Let (x, y)$\in$R $\Rightarrow$ x and y live in the same locality

$\Rightarrow$ y and x also live in the same locality $\Rightarrow$ (y, x )$\in$R

Thus, R is symmetric.

Transitive

Let (x, y)$\in$R and (y, z) $\in$ R

$\Rightarrow$ x and y live in the same locality and y and z live in the same locality

$\Rightarrow$ x and z live in the same locality (x, z)$\in$R

Thus, R is transitive.

Hence, R is reflexive, symmetric and transitive.

(c) R $= \{(x, y) : x$ is exactly 7 cm taller than y$\}$

Reflexive

x is not exactly 7 cm taller than x, so (x, x) $\in$ R, thus R is not reflexive.

Symmetric

If x is exactly 7 cm taller than y, then y is not exactly 7 cm taller than x.

So, if (x, y) $\in$ R then (y, x) $\notin$ R $\Rightarrow$ R is not symmetric.

Transitive

If x is exactly 7 cm taller thany and if y is exactly 7 cm taller than z, then it does not imply that x is exactly 7 cm taller than z.Thus, R is not transitive.

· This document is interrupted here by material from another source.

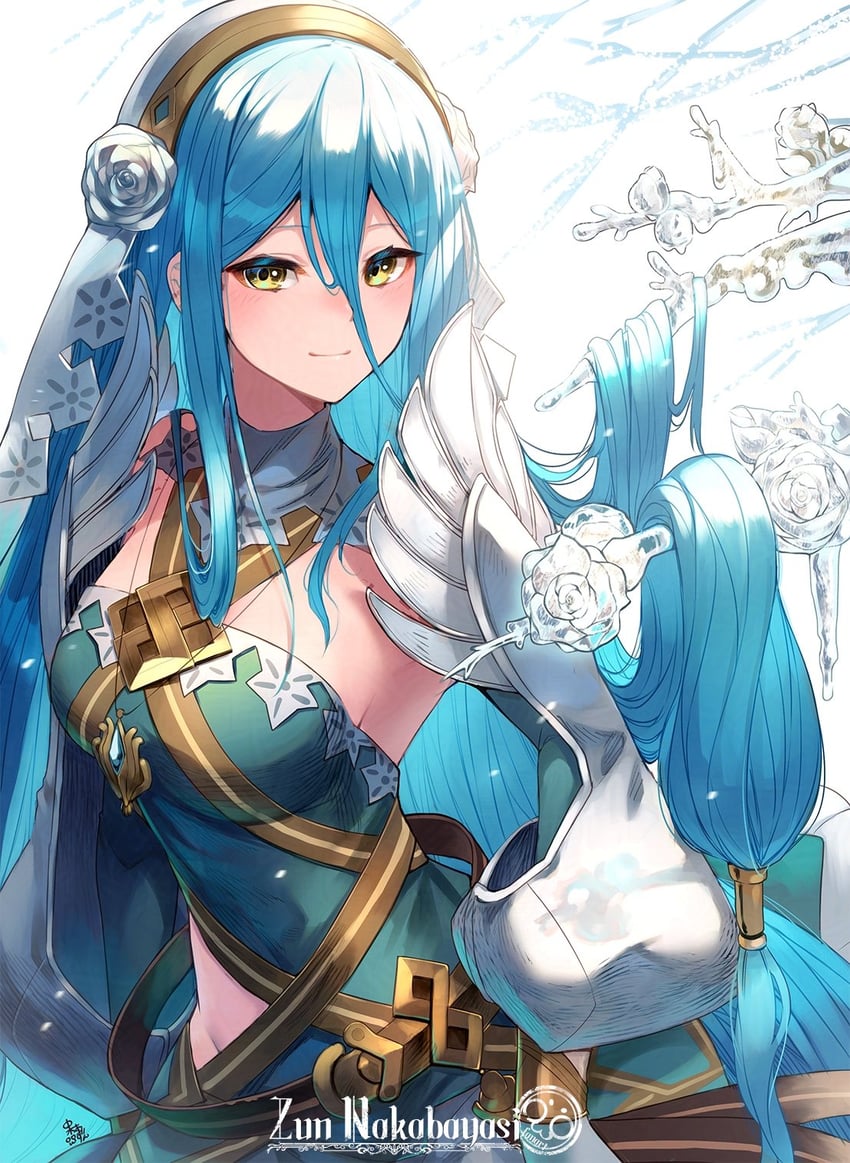 azura (fire emblem and 2 more) drawn by nakabayashi_zun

Hence, R is not reflexive, not symmetric and not transitive.

(d) R $= \{(x, y) : x$ is wife of y$\}$

Reflexive

x is not wife of x, therefore, (x, x) $\notin$ R and thus R is not reflexive.

Symmetric

If x is wife of y, then y is not wife of x.

If (x, y)$\in$R, then (y, x) $\notin$ R.

So, R is not symmetric.

Transitive

If x is the wife ofy, then y is not wife of z.

and R is transitive as transitivity is not contradicted in this case.

$(x,\;y) \in R$ and $(y,\;z) \notin R,$ then $(x,\;z) \notin R,$ for any z

if x is wife of y, then y is a male and male cannot be wife]

Hence, R is not reflexive, not symmetric but transitive.

(e) R $= \{(x, y): x$ is father of y$\}$

Reflexive

x is not father of x, so (x, x) $\notin$ R, so R is not reflexive.

Symmetric

If x is father of y, then y is not father of x.

If (x, y)$\in$R, then (y, x) $\notin$ R, so R is not symmetric.

Transitive

If (x, y) $\in$ R and (y, z)$\in$R, then (x, z)$\notin$ R.

i.e., x is father of y, y is father of z, then x is not father of z.

So, R is not transitive.

Hence, R is neither reflexive, nor symmetric nor transitive.